De harmonia com tal princípio que se contrapõe ao princípio da prova legal, as provas são apreciadas livremente, sem nenhuma escala de hierarquização, de acordo com a convicção que geram no espírito do julgador acerca da existência do facto.
E sendo assim, como é, a utilização da gravação dos depoimentos em audiência constitui um simples meio posto à disposição das partes para obter a reapreciação da prova. Tal reapreciação não se traduz, porém num novo julgamento; constitui apenas um remédio para os eventuais vícios de julgamento em 1ª instância.
A gravação dos depoimentos deixa assim incólume, o princípio da prova livre, não o restringe ou limita. Em nome desse princípio, sobrelevam as operações de carácter racional e psicológico, em que se baseia a convicção do julgador, o qual pode legitimamente, até porque beneficia da imediação da prova, desvalorizar a prova gravada.
Em suma, a reapreciação da prova, possibilitada pela utilização da gravação dos depoimentos, não afecta ou molda o princípio da livre apreciação da prova”.
E este implica reafirma-se, que as provas sejam valoradas livremente pelo julgador ( quer sejam testemunhais, periciais, depoimentos de parte, etc.), sem que exista qualquer hierarquização entre elas ( A. Varela, Miguel Bezerra, S. Nora, Manual do Processo Civil 2ª ed. pág. 471).

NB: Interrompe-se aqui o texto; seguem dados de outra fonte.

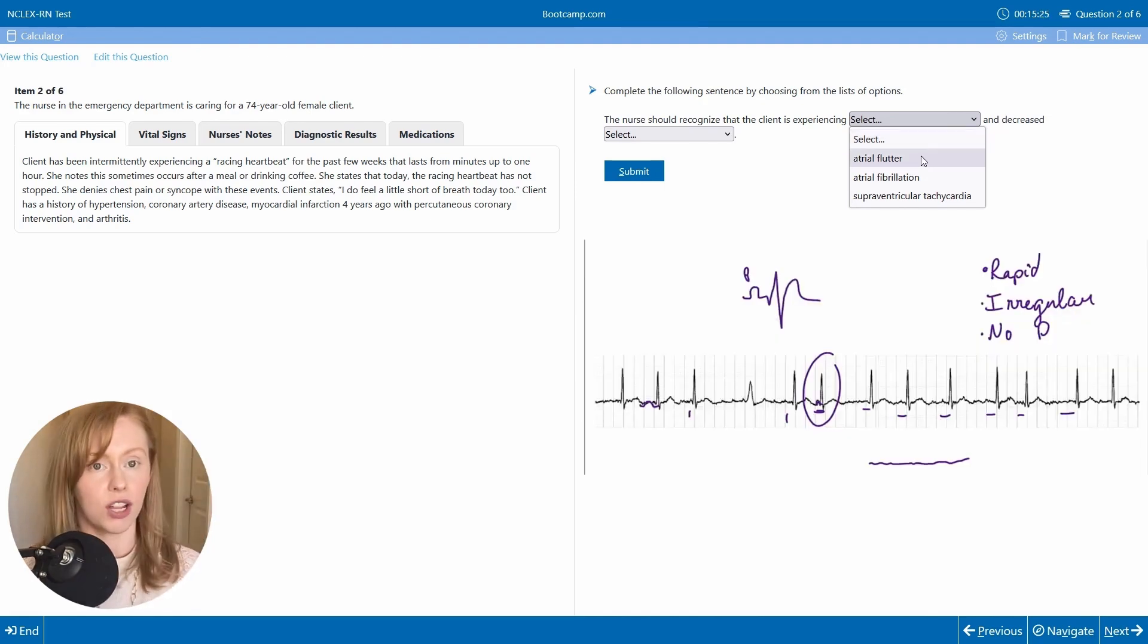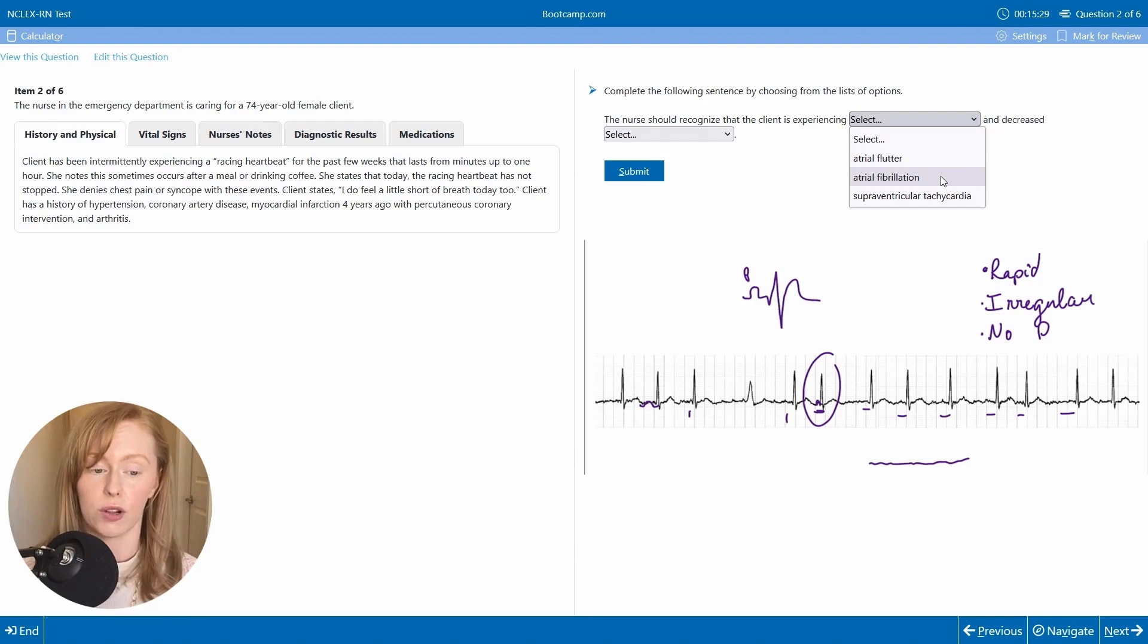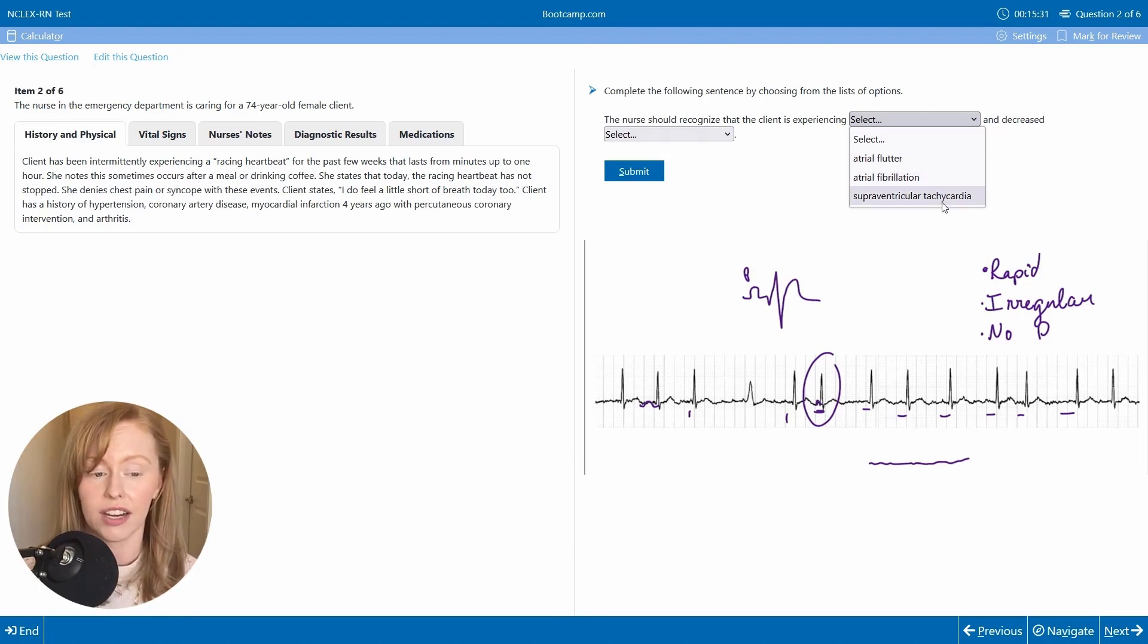So I don't have flutter waves. I don't think it's an atrial flutter. I think I have fibrillatory waves. So it might be an atrial fibrillation.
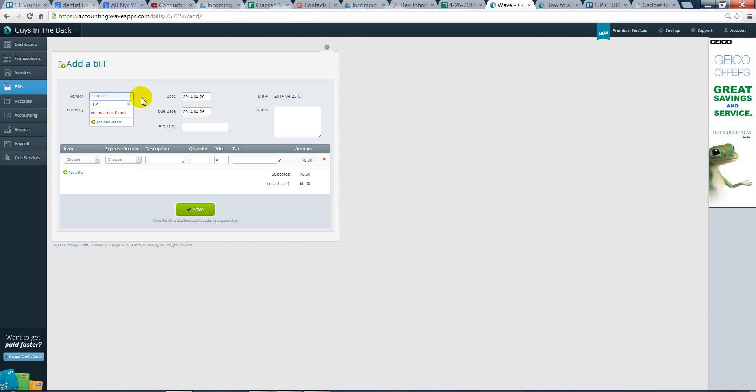Since there is no matches found, what you need to do is add a new Vendor. You click on this.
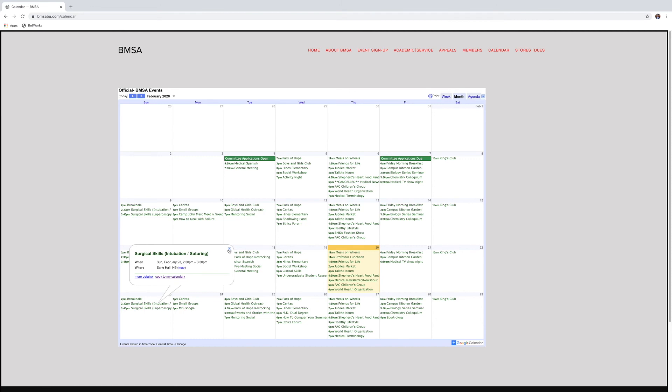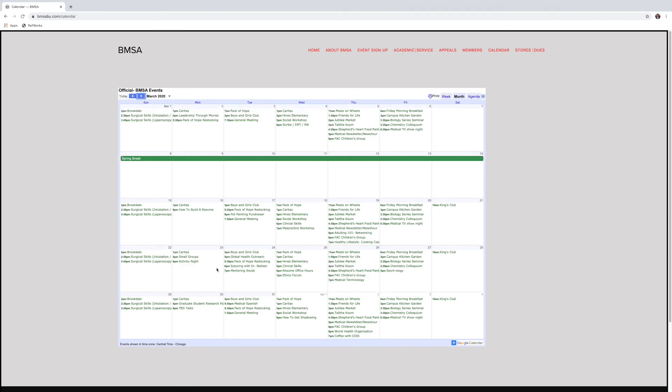And so then you're going to want to go from there to the event sign up form. Sign up and you're good to go. So that's how to add events to your calendar. Make sure you sign up on the event sign up form.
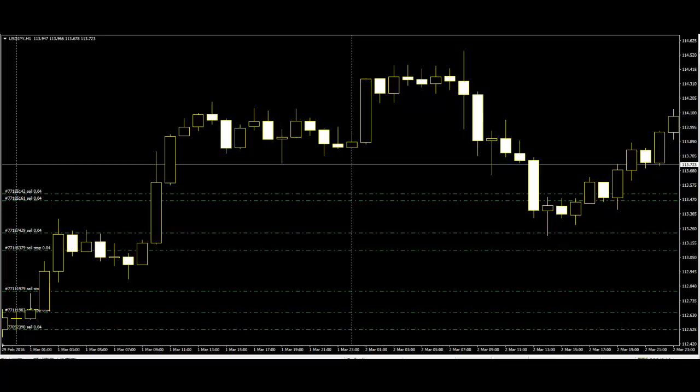Market analysts and experts claim that a clear explanation of candlestick charts can enhance the effectiveness of trading. Thank you.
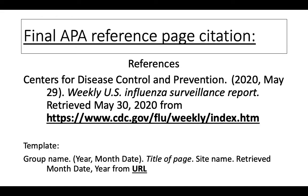Remember that the URL should be active, written in black font. So you might have to change the color from blue to black. And in this case, we're including a retrieve from date to let the reader know when we retrieved the information.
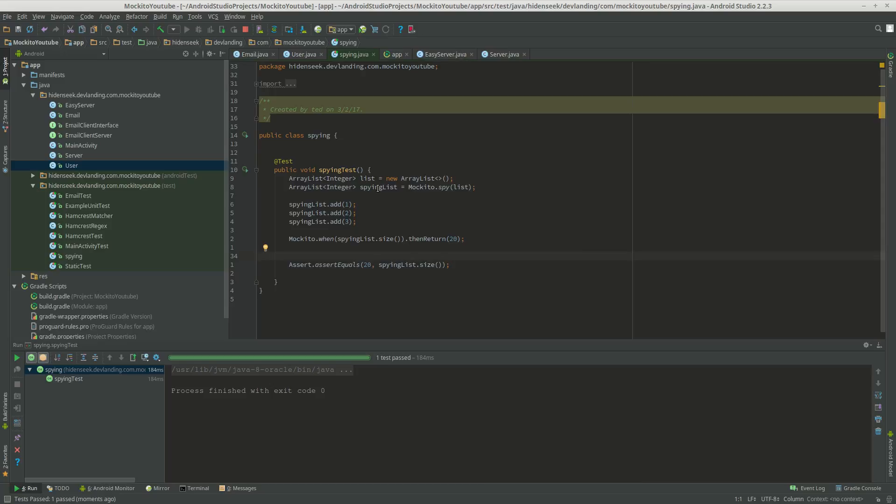And that's it. Now you know how to spy on objects. And now you don't even need to use interfaces sometimes. But I wouldn't use spying very often. This is something that you should use as a last resort for maybe legacy code or something that may not have an interface. That should be the only reason why you should use spying.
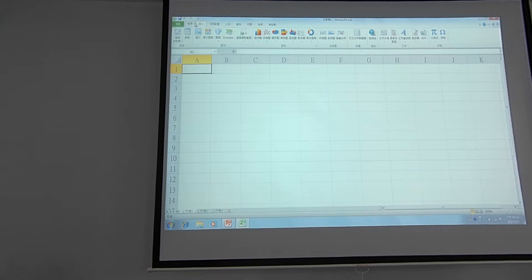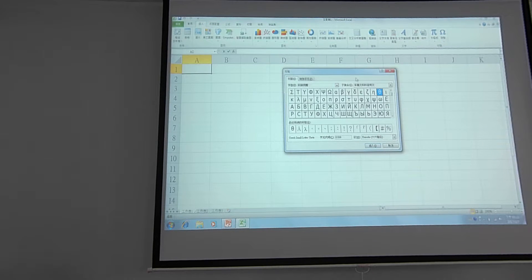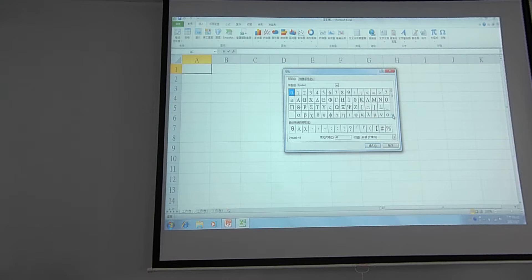Go with me and click this one — it means Insert. We need to insert a simple form. Let's go to the form called Simple and find the data, because the first parameter we need to know is the data.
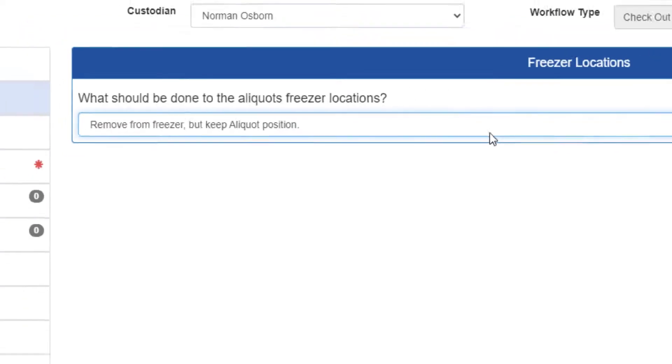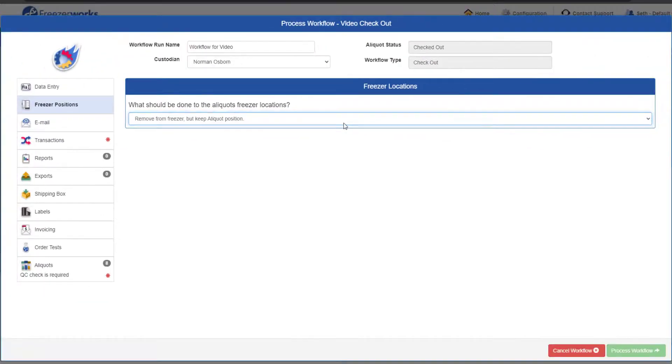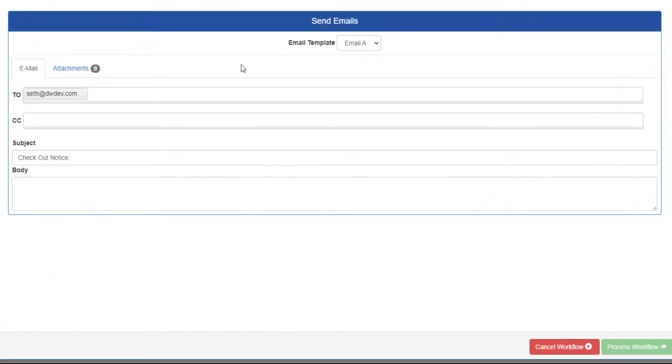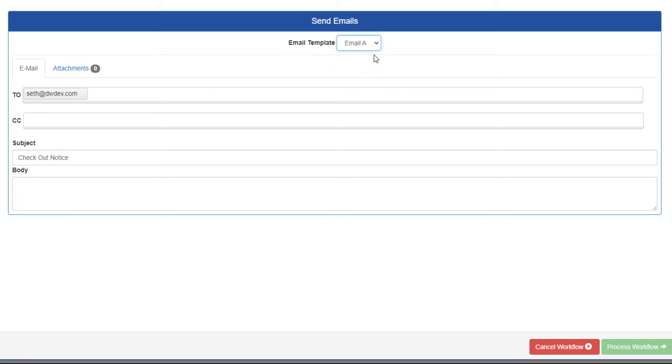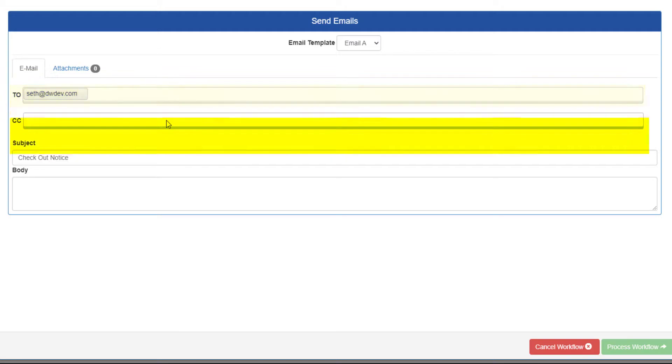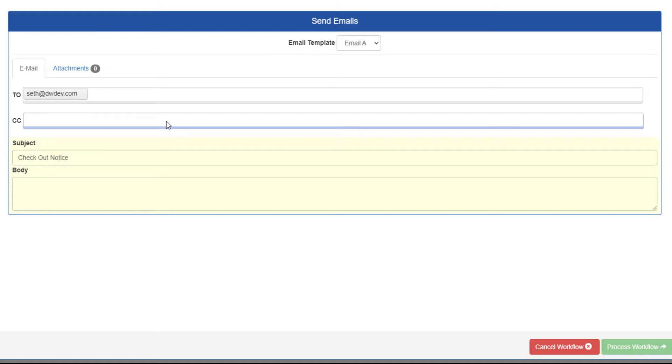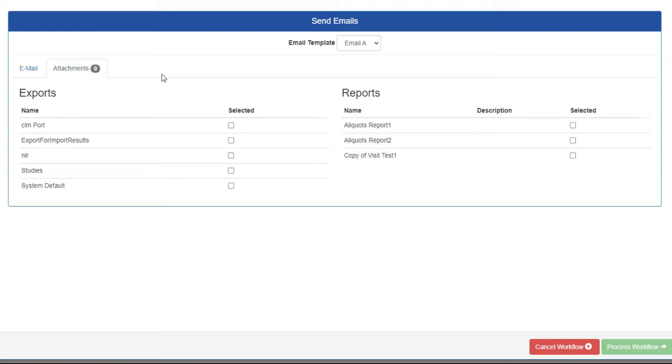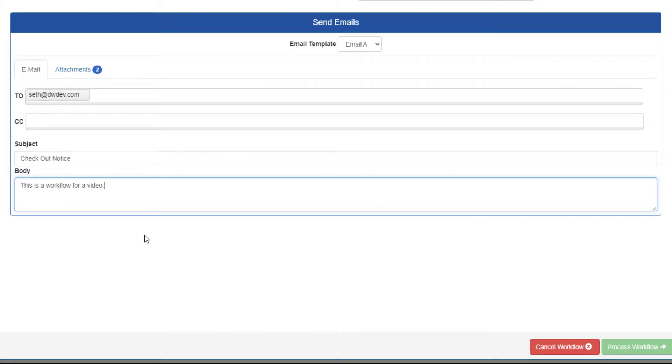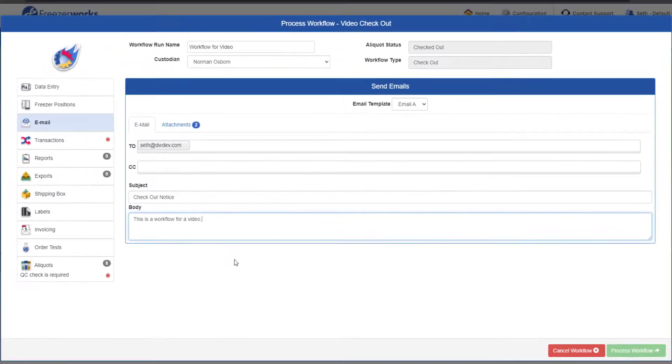If you are given control over this workflow's emails, the email page will appear. If there are multiple emails, select the desired one from the email template dropdown. The email form should look much like any standard email application. Use the To and CC boxes to select email recipients, and the Subject and Body box to craft the actual email. Don't forget to also include any desired attachments, exports, or reports by selecting the checkboxes on the Attachments tab.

Cremos que no mesmo sentido opina o Autor acima citado quando escreve na já sua referida obra, a págs. 87:” a garantia do duplo grau de jurisdição em sede de matéria de facto nunca poderá envolver pela própria natureza das coisas, a reapreciação sistemática e global de toda a prova produzida em audiência, visando apenas a detecção e correcção de pontuais, concretos e seguramente excepcionais erros de julgamento.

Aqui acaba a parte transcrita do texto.